Blue Sky — typical cost range: ~$1,000–$2,000

Most companies spend ~$1,000-$2,000 dollars to make Blue Sky filings, but the exact amount depends on how many (and which) states your investors are located in. Here's why:

  • If you choose to make Blue Sky filings, you'll have hourly fees for a paralegal and a supervising attorney to prepare and submit the forms for each state that requires a filing

  • You'll pay filing fees in most states, generally ranging from ~$50-$300, for each filing

  • If your investment was more than 30 days ago, you may also have to pay late filing penalties that can be $2000+ in a single state

  • You'll need to share personal details about yourself and info about the company

Key difference: Form D includes federal SEC filing plus state filings, while Blue Sky covers state filings only. Form D is typically recommended for priced rounds and international investors.

Quick Comparison

OptionTypical CostBest ForFiling Level
Form D (Federal + State)~$1,000–$4,000Priced rounds, international investors, contentious investments, risk minimizationFederal (SEC) + State
Blue Sky (State Only)~$1,000–$2,000US-only investors, SAFEs, non-contentious investmentsState only
No Action$0 (upfront)Assuming risk, dealing with it laterNone

What Are the Risks of Filing Nothing?

If you make no filings: you're either relying on an argument that you fit within an exemption without further action, or choosing to assume the risk and deal with it later.

This usually causes the most problems if your company grows and takes further equity investment, or gets an acquisition offer. Sophisticated investors and acquirers will conduct due diligence that surfaces missing filings.

FAQ

Q: Do I need to file anything if I'm just taking SAFE investments?
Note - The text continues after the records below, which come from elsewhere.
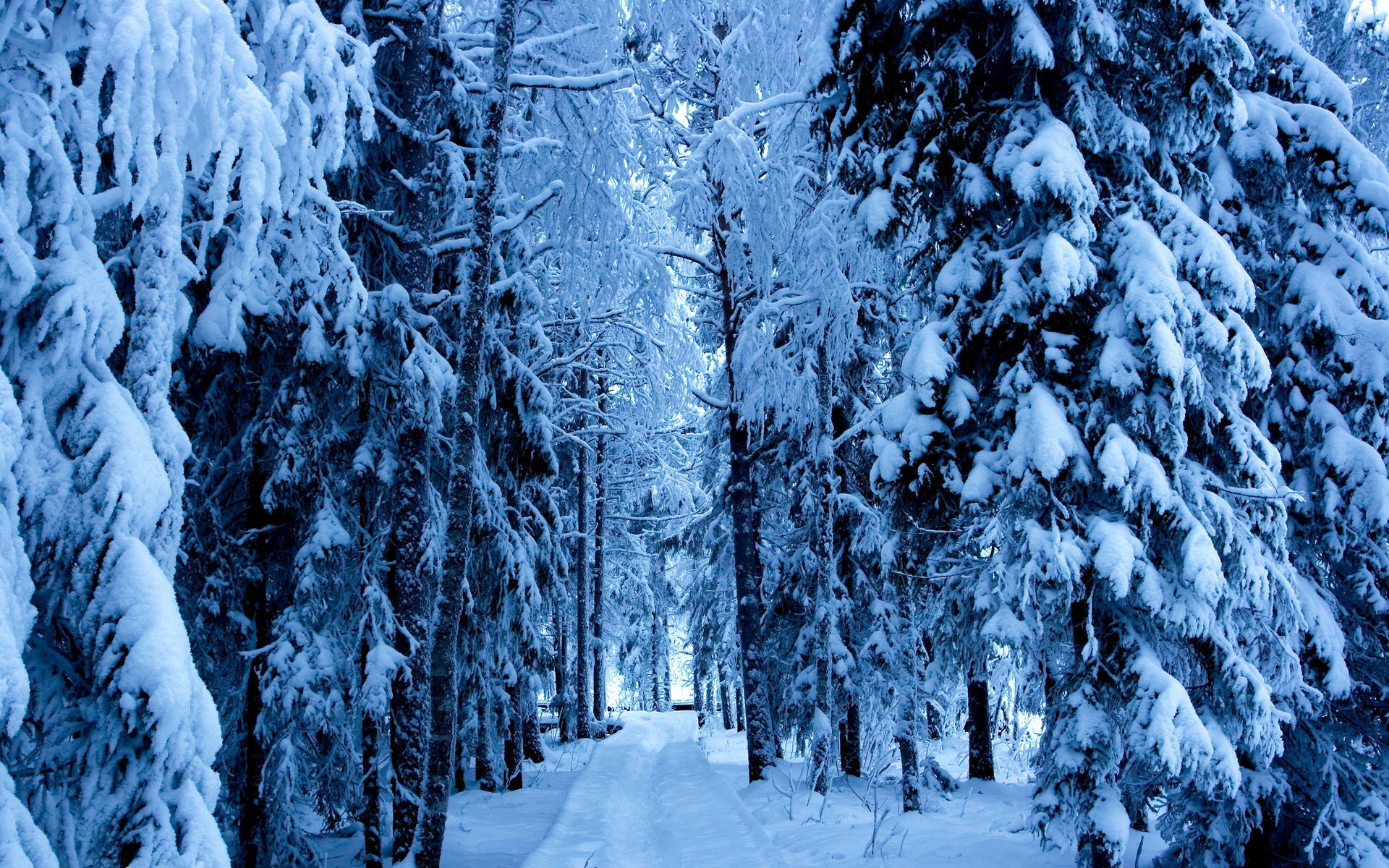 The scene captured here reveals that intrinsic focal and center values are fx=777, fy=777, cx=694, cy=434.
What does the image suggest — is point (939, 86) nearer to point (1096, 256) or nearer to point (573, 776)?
point (1096, 256)

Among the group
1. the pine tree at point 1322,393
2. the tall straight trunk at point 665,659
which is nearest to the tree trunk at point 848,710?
the pine tree at point 1322,393

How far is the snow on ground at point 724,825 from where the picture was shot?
7887 mm

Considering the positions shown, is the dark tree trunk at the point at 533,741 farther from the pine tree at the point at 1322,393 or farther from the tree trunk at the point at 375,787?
the pine tree at the point at 1322,393

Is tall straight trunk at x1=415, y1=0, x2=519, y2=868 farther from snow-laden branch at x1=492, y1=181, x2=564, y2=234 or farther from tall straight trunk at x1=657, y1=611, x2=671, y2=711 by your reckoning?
tall straight trunk at x1=657, y1=611, x2=671, y2=711

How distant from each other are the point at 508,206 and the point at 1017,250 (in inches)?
259

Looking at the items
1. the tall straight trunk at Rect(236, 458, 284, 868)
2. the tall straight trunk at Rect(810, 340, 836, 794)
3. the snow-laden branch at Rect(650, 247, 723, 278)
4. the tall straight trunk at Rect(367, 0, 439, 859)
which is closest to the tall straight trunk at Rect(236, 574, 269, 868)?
the tall straight trunk at Rect(236, 458, 284, 868)

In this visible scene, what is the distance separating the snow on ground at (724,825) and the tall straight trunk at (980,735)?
0.56 metres

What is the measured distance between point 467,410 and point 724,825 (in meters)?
6.18

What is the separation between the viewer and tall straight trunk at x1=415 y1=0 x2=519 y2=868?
24.5ft

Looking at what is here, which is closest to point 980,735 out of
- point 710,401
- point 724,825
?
point 724,825

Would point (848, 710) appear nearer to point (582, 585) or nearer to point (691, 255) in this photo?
point (691, 255)

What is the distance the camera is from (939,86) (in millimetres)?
6906

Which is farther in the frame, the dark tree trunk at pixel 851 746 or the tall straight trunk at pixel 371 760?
the dark tree trunk at pixel 851 746

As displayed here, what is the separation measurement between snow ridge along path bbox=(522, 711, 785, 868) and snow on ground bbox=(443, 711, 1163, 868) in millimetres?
29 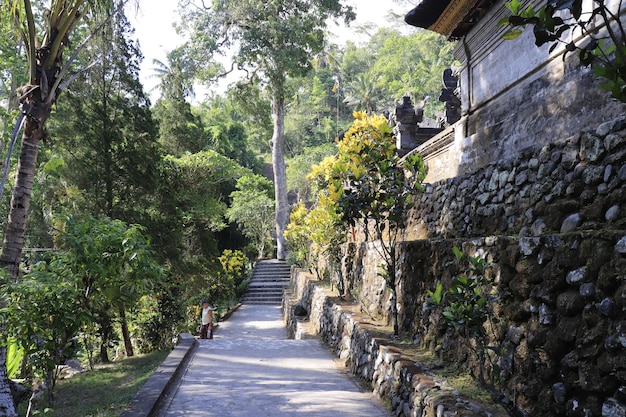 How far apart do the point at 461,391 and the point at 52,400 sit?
6.01 metres

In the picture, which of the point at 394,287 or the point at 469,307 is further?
the point at 394,287

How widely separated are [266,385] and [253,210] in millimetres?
19790

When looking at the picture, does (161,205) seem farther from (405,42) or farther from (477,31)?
(405,42)

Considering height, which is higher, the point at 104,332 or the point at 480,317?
the point at 480,317

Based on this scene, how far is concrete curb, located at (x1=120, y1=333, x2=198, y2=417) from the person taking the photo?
174 inches

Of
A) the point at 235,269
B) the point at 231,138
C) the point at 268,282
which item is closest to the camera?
the point at 235,269

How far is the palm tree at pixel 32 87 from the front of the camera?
6391 mm

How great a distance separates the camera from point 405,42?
141ft

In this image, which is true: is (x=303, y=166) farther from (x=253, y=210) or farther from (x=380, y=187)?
(x=380, y=187)

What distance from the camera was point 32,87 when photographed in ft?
22.1

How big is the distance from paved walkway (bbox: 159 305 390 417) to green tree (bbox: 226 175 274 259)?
15.5 meters

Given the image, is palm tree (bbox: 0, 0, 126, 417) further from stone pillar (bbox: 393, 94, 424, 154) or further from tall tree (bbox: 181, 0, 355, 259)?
tall tree (bbox: 181, 0, 355, 259)

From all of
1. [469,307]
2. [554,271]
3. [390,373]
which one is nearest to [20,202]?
[390,373]

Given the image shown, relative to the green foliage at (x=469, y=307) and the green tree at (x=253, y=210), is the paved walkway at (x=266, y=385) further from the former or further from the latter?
the green tree at (x=253, y=210) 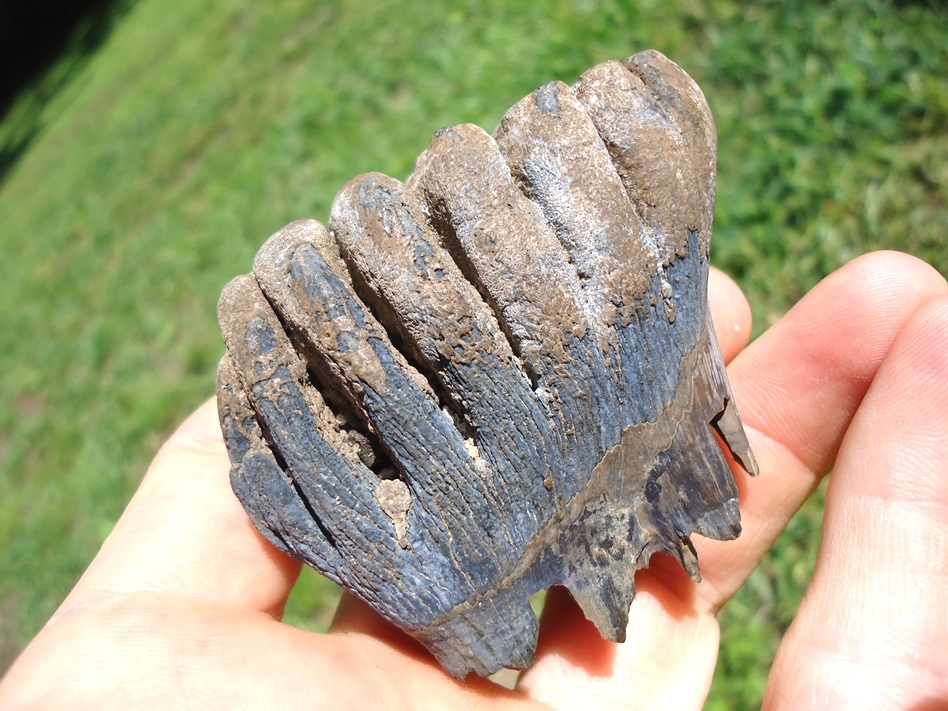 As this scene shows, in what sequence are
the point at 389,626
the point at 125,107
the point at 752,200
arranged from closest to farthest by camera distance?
the point at 389,626 < the point at 752,200 < the point at 125,107

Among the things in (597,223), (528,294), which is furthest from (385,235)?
(597,223)

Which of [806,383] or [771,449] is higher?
[806,383]

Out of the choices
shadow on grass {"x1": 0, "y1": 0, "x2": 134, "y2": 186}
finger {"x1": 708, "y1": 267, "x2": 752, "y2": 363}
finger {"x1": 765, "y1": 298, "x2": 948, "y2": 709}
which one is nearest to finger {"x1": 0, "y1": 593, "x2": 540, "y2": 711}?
finger {"x1": 765, "y1": 298, "x2": 948, "y2": 709}

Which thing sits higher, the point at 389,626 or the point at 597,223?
the point at 597,223

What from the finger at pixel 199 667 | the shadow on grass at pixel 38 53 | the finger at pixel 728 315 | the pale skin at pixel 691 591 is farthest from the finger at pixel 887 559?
the shadow on grass at pixel 38 53

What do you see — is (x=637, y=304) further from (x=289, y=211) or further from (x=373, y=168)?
(x=289, y=211)

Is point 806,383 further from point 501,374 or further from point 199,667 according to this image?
point 199,667

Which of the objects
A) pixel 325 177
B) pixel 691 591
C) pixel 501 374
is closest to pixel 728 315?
pixel 691 591
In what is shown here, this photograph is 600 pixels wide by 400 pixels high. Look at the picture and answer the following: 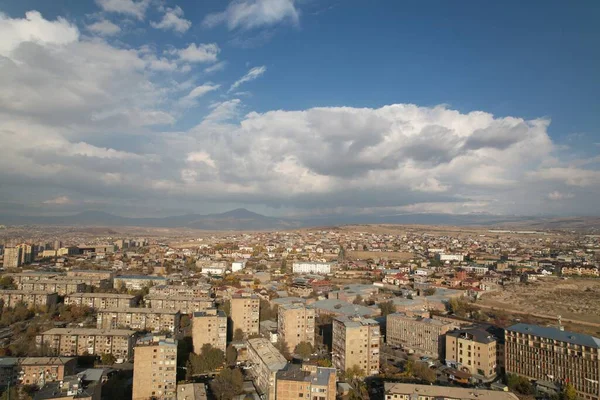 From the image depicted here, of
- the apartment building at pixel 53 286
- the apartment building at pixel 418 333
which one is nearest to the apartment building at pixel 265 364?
the apartment building at pixel 418 333

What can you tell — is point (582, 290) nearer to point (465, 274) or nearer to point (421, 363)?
point (465, 274)

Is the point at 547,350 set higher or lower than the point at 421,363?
higher

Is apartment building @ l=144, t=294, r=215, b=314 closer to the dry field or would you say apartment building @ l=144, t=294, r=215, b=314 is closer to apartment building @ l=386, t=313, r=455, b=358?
apartment building @ l=386, t=313, r=455, b=358

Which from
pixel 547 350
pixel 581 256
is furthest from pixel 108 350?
pixel 581 256

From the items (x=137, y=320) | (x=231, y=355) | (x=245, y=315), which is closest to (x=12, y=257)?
(x=137, y=320)

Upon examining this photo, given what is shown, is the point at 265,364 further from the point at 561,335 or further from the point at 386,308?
the point at 386,308

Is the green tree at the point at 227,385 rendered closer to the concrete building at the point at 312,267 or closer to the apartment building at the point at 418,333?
the apartment building at the point at 418,333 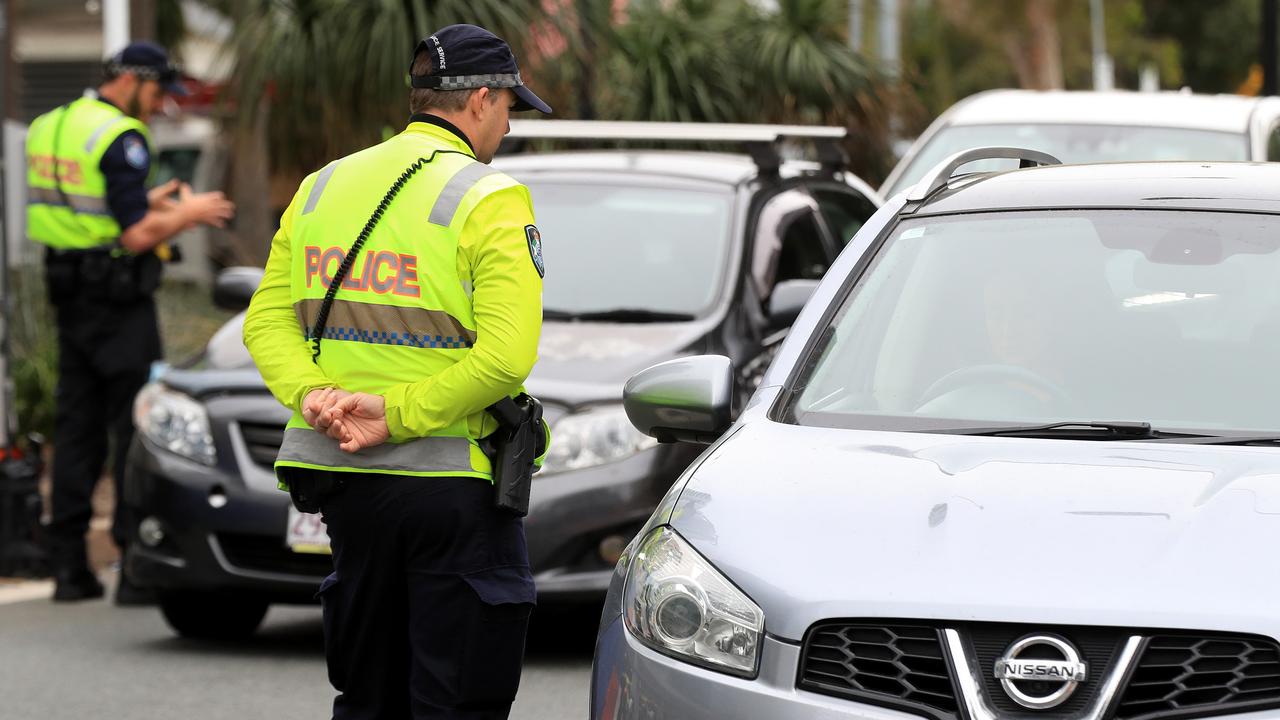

A: SAFEs are still securities. Most lawyers suggest at minimum Blue Sky filings for compliance, though some argue exemptions may apply without filing.

Q: What if my investors are all in one state?

A: You'll likely only need to file in that one state, which reduces cost and complexity. However, state requirements vary.

Q: What happens if I file late?

A: Late filing penalties can be $2,000+ per state. If your investment was more than 30 days ago, factor in potential penalty costs.

Q: Do all states require Blue Sky filings?

A: No. Not all states require filings under all circumstances. Requirements vary by state and type of offering.

Q: When is Form D recommended over Blue Sky only?

A: Form D is typically recommended for priced rounds, investments involving international investors, or contentious investment situations.

Bottom Line

Pretty much every qualified lawyer believes that at least Blue Sky filings are required to receive investment compliantly — but not every lawyer advises clients to spend the time and money to file them. Your choice depends on your risk tolerance, investment type, and investor locations as well as your personal preferences as a founder.